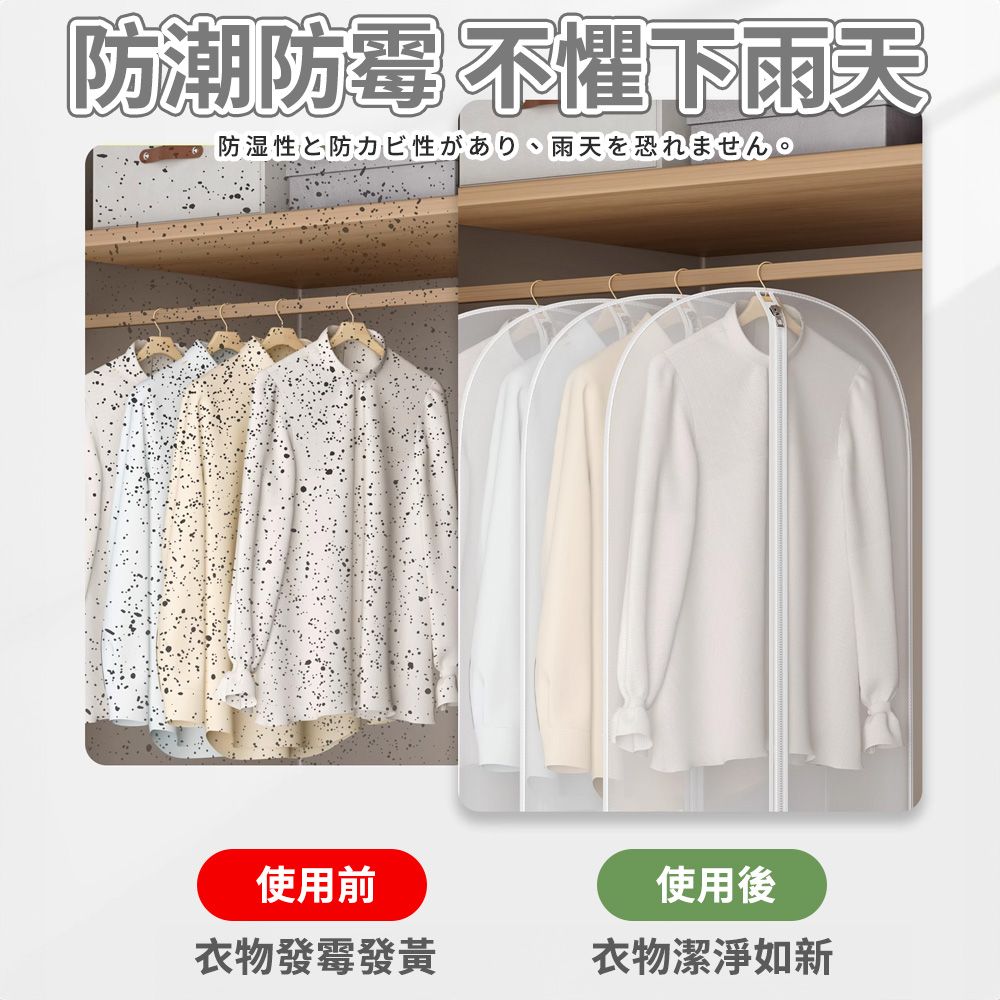  【幕日嚴選】高級衣物防塵套 衣物防塵罩 衣物保護袋 EVA材質 防潮防霉 微孔透氣 99%衣物皆適用(5入組)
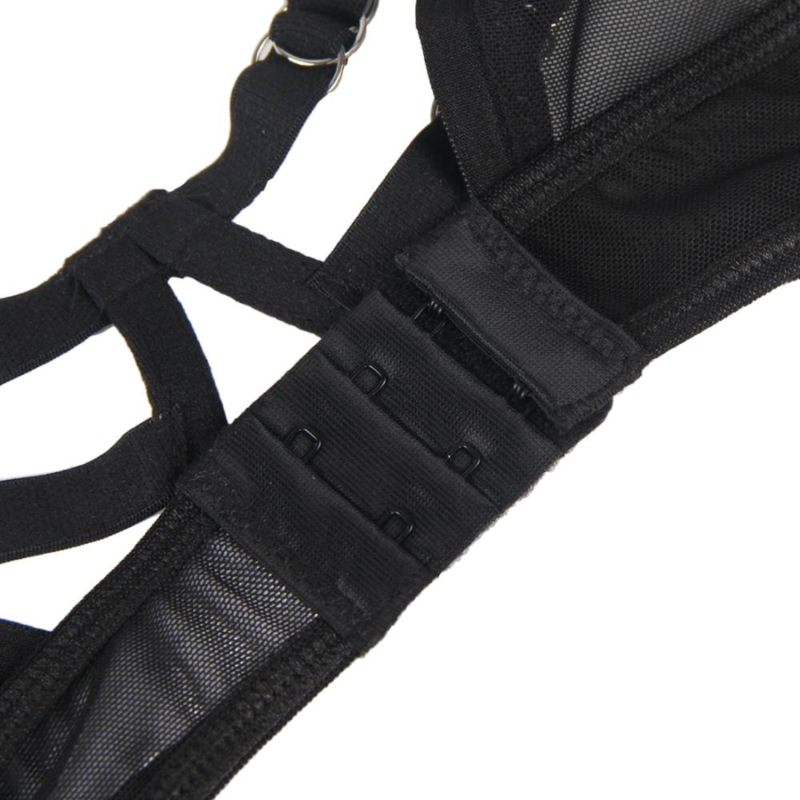 Zweiteiliges Set aus transparentem BH und S/M-Bändern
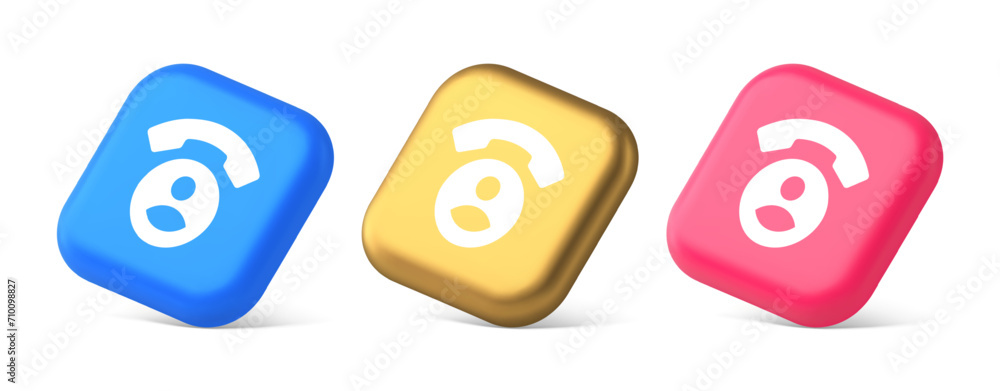 Poster contact phone call voice communication button dialog assistance helpline consulting 3d isometric ico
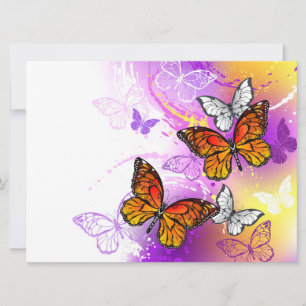 Invitation Papillons monarques sur fond violet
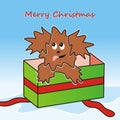 Christmas gift, puppy, vector illustration Royalty Free Stock Photo
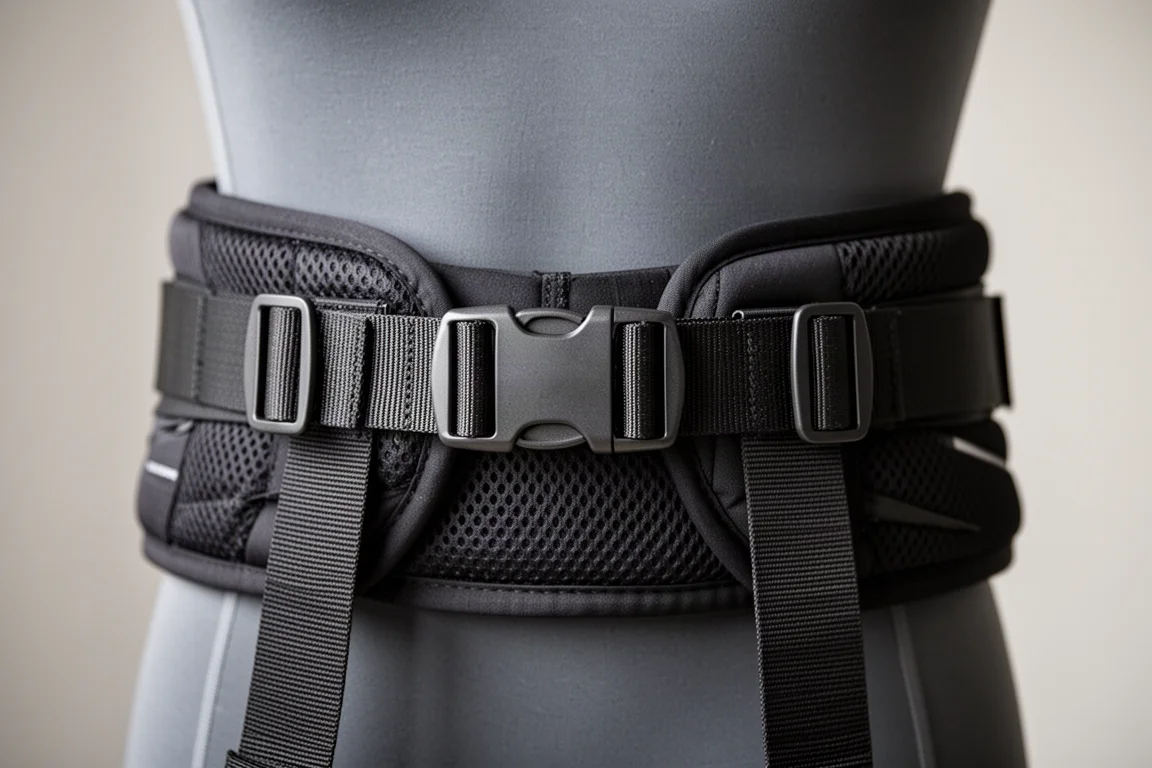 Primer plano del cinturón lumbar de una mochila, un varilla de aluminio y puntos de anclaje de cintas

########################################

> _Exercise objective_
Quote the listing above in full, except for the pictures.

> _Solution_
  【幕日嚴選】高級衣物防塵套 衣物防塵罩 衣物保護袋 EVA材質 防潮防霉 微孔透氣 99%衣物皆適用(5入組)
 Zweiteiliges Set aus transparentem BH und S/M-Bändern
 Poster contact phone call voice communication button dialog assistance helpline consulting 3d isometric ico
 Invitation Papillons monarques sur fond violet
 Christmas gift, puppy, vector illustration Royalty Free Stock Photo
 Primer plano del cinturón lumbar de una mochila, un varilla de aluminio y puntos de anclaje de cintas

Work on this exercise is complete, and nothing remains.